The governor will remain in office after crushing a conservative-driven effort in the blue state.
Gov. Gavin Newsom will remain California’s governor after voters decisively rejected an effort to recall him in Tuesday’s election.
The conservative-driven effort to topple Newsom always faced long odds in a state where Democrats outnumber Republicans by some five million voters and Newsom cruised to a 24-point landslide in 2018. Democrats relied on a drumbeat of catastrophic warnings about a conservative Republican governor to motivate their base after fearing that lackluster turnout could cost them the election.
With just over 9 million votes counted, Newsom was crushing the recall by nearly 30 percentage points. That difference is expected to tighten as Election Day votes come in, but Republican ballots aren’t expected to come close to bridging the gap.
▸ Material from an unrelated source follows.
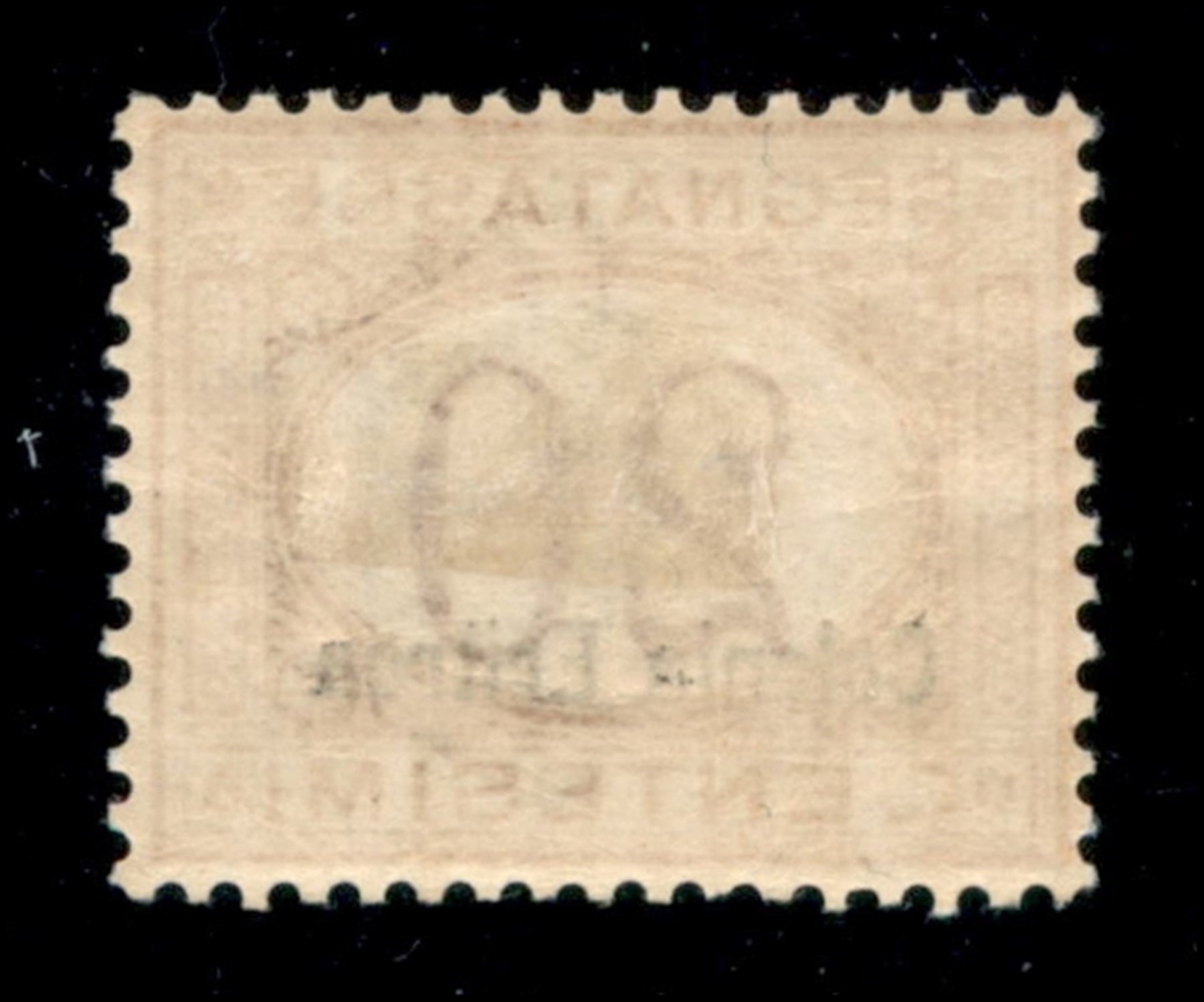 Italia / Colonie / Eritrea / Segnatasse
“I’m humbled and I’m grateful to the millions and millions of Californians that exercised their fundamental right to vote and express themselves so overwhelmingly by rejecting the division, by rejecting the cynicism,” Newsom said Tuesday night in a 5-minute victory speech in Sacramento. “By rejecting so much of the negativity that’s defined our politics in this country over the course of so many years.”
The governor will now enter the final year of his first term in a position of strength. He is expected to stand for reelection in 2022, and Republicans’ failure to oust him in an off-year special election fueled by conservative grievances suggests they face a steep fight to defeat Newsom next year.
“He’s going to be vindicated and it will discourage most credible candidates from running in 2022,” Democratic consultant Rose Kapolczynski said. “The Republicans have gone after Newsom for the last year and a half and they’ve failed, so what makes Republicans think they’ll have a better chance in a general election when the governor’s just convinced voters to let him stay?”